Communities of practice


The conference took place during a global pandemic. It was entirely virtual, hosted by University of Strathclyde but open to anyone with Zoom. Our Chair, Patrick Scott, referenced Dickens: ‘It was the best of times, it was the worst of times.’ We all know the downsides of this moment, even if we’re lucky enough to be safe: no meeting and greeting; no chance conversations; too much staring at screens. And yet, being human, we also look for silver linings. And here’s one. The Zoom age has shrunk the planet. 120 people joined us from across the UK, India, Lebanon, Georgia, Kenya and Ireland, with a keynote from the US.

As well as learning by doing, we learn from one another. The conference acted as a mini ‘gathering-of-the-clans’ after months of lockdown and isolation. One of the workshops, facilitated by Strathclyde volunteers, touched on the impact of Covid on mediation practice. Remote mediation has some upsides: convenience; comfort (of your own couch); accessibility; reduced anxiety; and a surprising ability to read people’s emotions on a small screen. But there are drawbacks: tech troubles; distractions (kids, pets); less investment in the process; ‘Zoom fatigue,’ More poignant is the loss of ‘spaces in-between’, those incidental encounters, like shared coffee and cakes, that humanise a face-to-face mediation.

We learned from experts. Two of the UK’s leading researchers into small claims mediation, Margaret Ross and Sue Prince, shared what their work has taught them. Both see the justice system making more use of mediation in future, particularly given other pressures on court time.

We learned from pioneers. Ben Waters and Liz Hardie told two distinctive stories of founding mediation clinics. Both underlined their educational logic – clinics put practical flesh on mediation’s theoretical bones.
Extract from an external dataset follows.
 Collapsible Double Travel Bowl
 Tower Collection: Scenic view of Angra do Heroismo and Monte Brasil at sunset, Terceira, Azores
We learned from the justice system. Heloise Murdoch (manager of Edinburgh Court Mediation Service), Patrick Scott (also a volunteer mediator) and Summary Sheriff Michael Hanlon (a judge responsible for referring cases to the Clinic) described the practicalities of working with the courts. Clinics can bring about system-wide change as they demonstrate, incrementally, the simple truth that people tend to like mediation better after they’ve tried it than before.

And we learned from politics. Interviewed by Craig Cathcart, Margaret Mitchell MSP described the short hop from a politician’s encounters with day to day problems to promoting mediation legislation. Margaret’s Mediation (Scotland) Bill consultation seems likely to influence future Scottish governments with an eye to improving access to justice.

Learning and doing


Mediation clinics, then, should not be seen as an optional extra. ‘Learning without doing’ makes little sense. My first students told me so, prompting the founding of our clinic at Strathclyde. Role-plays and simulations take learners some of the way; but there is nothing quite like real-world conflict to raise the stakes and sharpen the senses. It’s not that our choices in simulations don’t matter. It’s just that they matter so much more when we’re working with real people.

The conference reminded us that learning and doing are inextricable. This is good news for universities, who constantly strive to make their ‘ivory tower’ knowledge useful to society. It’s also good news for mediators. It’s never dull because we’ve never arrived. Even the most fiercely pragmatic have their theories, reasons for doing one thing rather than another reinforced by a career of trial and error. Learning by doing just never stops.